2. ПОД СТАРЫМ ДУБОМ

2. ПОД СТАРЫМ ДУБОМ

Элизабет смотрела на этого человека во все глаза. В лице его больше всего поражало выражение скрытого страдания.

С той памятной ноябрьской ночи она ни на минуту не забывала о нем. Просыпаясь утром в своей чистенькой комнатке на втором этаже, она первым делом вспоминала о том, кто назывался Джерардом Уинстэнли. Среди деревенского безлюдья он казался ей необыкновенным, таинственным. В течение всего дня память дарила ей то одно, то другое его слово, усмешку, жест. Она открывала свои книги и в них встречала мысли, поразительно схожие с тем, что он говорил. А вечером, уже после молитвы, когда она закрывала глаза, перед ней выплывало едва различимое в темноте под черной шляпой его лицо.

Она поняла, почему черты его показались ей тогда знакомыми. Гуляя летом по дальним верескам, мечтая или размышляя о прочитанном, она, конечно, не раз встречала его. Он сидел под деревом, а вокруг бродили коровы. Но он совсем не был похож на пастуха. Красивая голова с тяжелым затылком, задумчивое лицо и осанка независимого человека не вязались с убогой одеждой, с этим кнутом в руке.

Теперь она ловила все, что говорили соседи и слуги о сектантах, о приезжих проповедниках и пастухах. И узнала, что Уинстэнли прибыл в Уолтон из Лондона лет пять назад, что в Лондоне он был купцом, торговал платьем, но, обманутый компаньоном, разорился.

Больше всего сведений приносил Джон. Как и сестра, взволнованный ночной беседой, он старался разузнать о своем новом знакомом подробнее. И выяснил, что богоданный его учитель живет на окраине села Уолтон, в семи милях от Кобэма, в лачуге у старого метельщика. Что пригласили его сюда фамилисты Полмеры, его друзья. Что он нанялся пасти скот к сельской общине, но пастушеское дело для него — всего лишь крест, искус, добровольно принятый на себя тем, кто видит в бедняке сына божия, человека святого и себе брата.

И вот они сидели под деревом, на расстеленном плаще, и говорили, будто только вчера расстались.

— Вот вы сказали, все спасутся? — спрашивал Джон. — И как же тогда мы будем жить?

— Знаешь, я думаю, все мы изменимся, совсем изменимся. Сейчас мы отравлены страстями. Наше тело, все части его, как и помыслы и душа, порочны. Мы умираем, нас кладут в землю, и прах наш, разлагаясь, передает свои пороки земле, земля — растениям, те — животным, а от них — снова людям. Так порча дьявольская множится, дух слабеет.

— И это можно исправить?

— Можно. Когда злоба и алчность уйдут из наших душ, сама плоть, все четыре ее стихии преобразятся. И с нею — вся вселенная. Солнце, и Луна, и звезды исчезнут или станут другими.

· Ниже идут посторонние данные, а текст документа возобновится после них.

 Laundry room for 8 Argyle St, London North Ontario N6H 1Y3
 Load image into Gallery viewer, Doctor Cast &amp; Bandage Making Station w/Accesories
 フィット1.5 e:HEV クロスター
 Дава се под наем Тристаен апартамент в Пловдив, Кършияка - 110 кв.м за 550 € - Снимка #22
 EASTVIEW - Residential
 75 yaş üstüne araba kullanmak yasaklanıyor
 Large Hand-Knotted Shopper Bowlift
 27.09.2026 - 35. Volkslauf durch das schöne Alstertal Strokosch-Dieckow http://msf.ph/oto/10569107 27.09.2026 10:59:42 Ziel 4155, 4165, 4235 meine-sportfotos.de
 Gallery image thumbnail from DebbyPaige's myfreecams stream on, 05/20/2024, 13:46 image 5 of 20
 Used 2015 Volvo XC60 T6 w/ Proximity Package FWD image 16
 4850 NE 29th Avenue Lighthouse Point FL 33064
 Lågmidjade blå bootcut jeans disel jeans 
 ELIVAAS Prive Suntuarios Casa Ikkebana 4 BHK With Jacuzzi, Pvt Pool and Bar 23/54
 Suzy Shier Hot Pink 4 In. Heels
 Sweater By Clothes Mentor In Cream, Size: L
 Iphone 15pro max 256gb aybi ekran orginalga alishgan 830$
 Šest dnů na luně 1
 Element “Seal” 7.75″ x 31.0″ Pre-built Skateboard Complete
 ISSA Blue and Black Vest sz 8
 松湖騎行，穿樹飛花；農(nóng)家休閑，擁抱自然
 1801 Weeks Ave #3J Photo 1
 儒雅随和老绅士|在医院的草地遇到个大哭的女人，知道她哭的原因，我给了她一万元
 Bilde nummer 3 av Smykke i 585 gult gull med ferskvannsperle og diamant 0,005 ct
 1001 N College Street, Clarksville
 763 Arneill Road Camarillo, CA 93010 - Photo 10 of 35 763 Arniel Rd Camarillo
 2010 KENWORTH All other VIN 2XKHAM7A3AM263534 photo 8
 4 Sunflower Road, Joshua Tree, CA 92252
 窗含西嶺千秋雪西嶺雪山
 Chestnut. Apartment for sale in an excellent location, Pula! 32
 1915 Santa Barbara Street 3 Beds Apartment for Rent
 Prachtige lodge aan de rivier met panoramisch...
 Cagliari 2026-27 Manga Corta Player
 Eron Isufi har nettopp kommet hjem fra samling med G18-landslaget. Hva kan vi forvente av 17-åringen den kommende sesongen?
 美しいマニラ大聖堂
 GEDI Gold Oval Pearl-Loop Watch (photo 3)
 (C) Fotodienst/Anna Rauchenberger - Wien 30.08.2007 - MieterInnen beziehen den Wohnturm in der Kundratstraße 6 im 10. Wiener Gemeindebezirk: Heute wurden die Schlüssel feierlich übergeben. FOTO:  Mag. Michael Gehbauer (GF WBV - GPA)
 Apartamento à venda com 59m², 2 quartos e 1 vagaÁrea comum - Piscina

Элизабет улыбнулась. Да он — мечтатель. Она осторожно спросила:

— Но прежде мы должны умереть?

Уинстэнли живо обернулся и впервые посмотрел ей в глаза.

— Совсем нет, мисс. Это все попы выдумали ради корысти. Они обещают бедняку справедливость только после смерти, а здесь пусть терпит унижения и покоряется. Нет! — он как будто рассердился. — Они лгут, трижды лгут, говоря, что все обещания Библии имеют лишь символический смысл. Мы все, живые, вот этими руками должны строить Новый Иерусалим и преображать любовью самих себя и эту землю.

Он протянул вперед руки, Элизабет взглянула — небольшие твердые ладони. Ей захотелось дотронуться до них. Она подняла глаза и опять натолкнулась на внимательный и спокойный взгляд.

— Мы оскорбляем Творца, — продолжал он, — когда считаем, что так и должно быть, тираны угнетают бедняков, одни наслаждаются роскошью, у других отнимают последнее. Позор тем христианам, которые на словах проповедуют любовь и при этом обирают бедных. Законы земли и небес нераздельны.

— А что надо делать, чтобы оно скорее пришло? Это царство? — спросил Джон.

— Ищи света в себе самом. Всегда поступай по совести. Не терпи неправды.

Они не заметили, как потемнело, и, только когда дождь заструился по лицам и платью, опомнились, встали. Старый дуб не мог послужить им защитой — листва еще не раскрылась вполне. Уинстэнли прижался спиной к могучему корявому стволу, поднял над головой плащ, и все трое, придвинувшись, укрылись под ним.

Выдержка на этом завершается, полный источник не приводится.